Well, yesterday we got over 5 inches of snow. My kitties are indoor only so they were a little curious about all the white stuff they saw falling from the sky. We took a cookie sheet and filled it with snow and placed it in the middle of the living room!! This is the second time we've done this. It is so funny watching them explore. :lol: Each one would push the snow around and then shake their little paws because they were cold. It was soooo cute. They enjoyed themselves. Just wanted to share. Anyone else let their kitties play with the snow (the safe way)??? :wink:


----------



## Max&Ben (Feb 7, 2003)

Cats are so funny in snow when they are not familiar with it. They are curious but can feel the cold on their paws. It's pretty funny to watch a chubby cat bound through powder snow that's slightly deeper than his belly-line. They suddenly learn to hop like rabbits. 
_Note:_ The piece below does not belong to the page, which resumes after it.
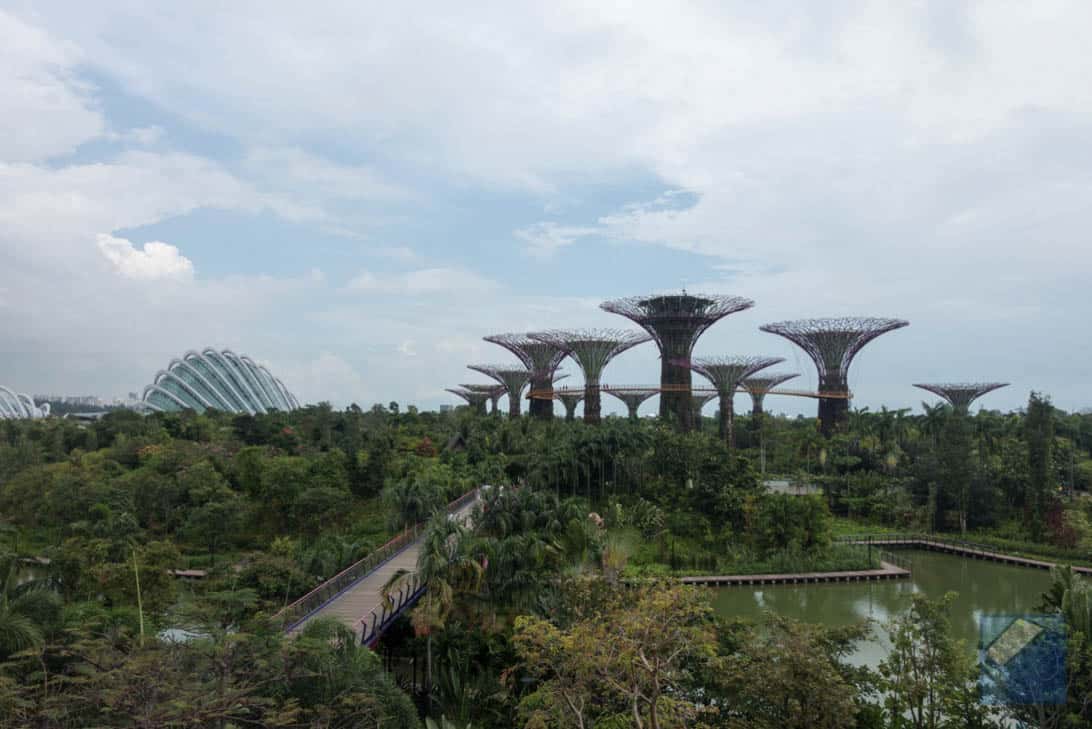 Gardens by the bay 19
I should drag them outside for a winter photo-shoot, Max will just love that :roll:


----------



## lexxie109 (Jan 20, 2003)

My cat Lidia is a very curious cat. About a week ago we got some snow and we took her outside (she’s an indoor cat) and she loved it.  She would hop all around the yard and sniff the snow. My other kitty, Ben, rather sat in my arms while I stood in the yard :lol:


----------



## Majicou (Jun 7, 2003)

Last winter we had quite alot of snow. My neighbours had gone to Australia so I was looking after their 2 cats. One morning their little Siamese cross jumped out of the cat flap to say hi and landed up to her neck in snow! The look on her face was so funny! :lol:


----------



## Bean (Mar 10, 2003)

I know this isn't a cat story, but I found it hilarious. And proof that chicken really are a little low in the brains area.
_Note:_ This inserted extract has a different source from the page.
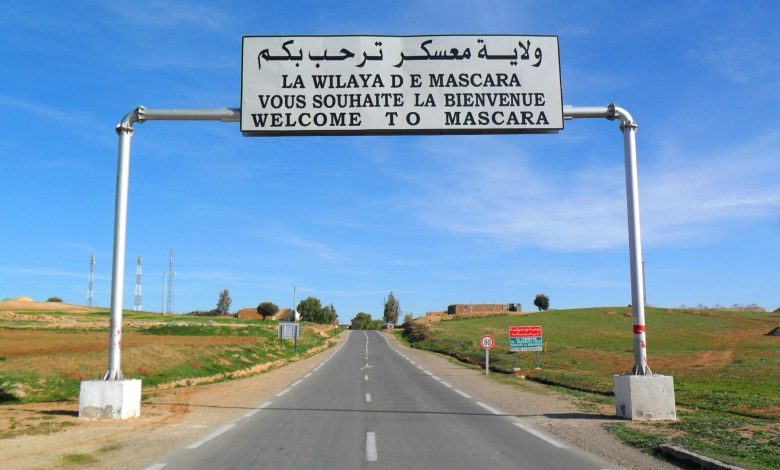 Mascara Province Sees Eight-Fold Legume Production Surge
We had chickens at my parents place for a while during my teen years, and we always used to feed them stale bread as a treat. of course they would go all nuts and make these weird high-pitched, fast clucking noises cause they were excited. Anyway, in the wintertime of course they were shut up inside thier house, but when I brought them their feed in the morning of course I would track snow in... And they would go crazy thinking it was bread! They'd like gulp it down and shake their heads cause they were confused and it was cold.

Even funnier was the day I brough them food and they all got outside... They went CRAZY! It was like they were thinking "BREAD - BREAD EVERYWHERE!". And they kept sitting and standing and sitting and standing cause they didn't know why their feets were cold, and of course eating piles of snow and getting brain freeze.... It was awesome.


----------



## Bengalsownme (Feb 26, 2003)




----------



## kitkat (Sep 22, 2003)

Lexxie- Your Lidia sounds like my Sugar and Ben sounds like Twinkie. Hehe too bad I never get snow down here in Tx, otherwise they may be able to go out on the balcony and feel some snow. 

I'm still cracking up about the chicken story! It is very funny considering chicken aren't that bright


----------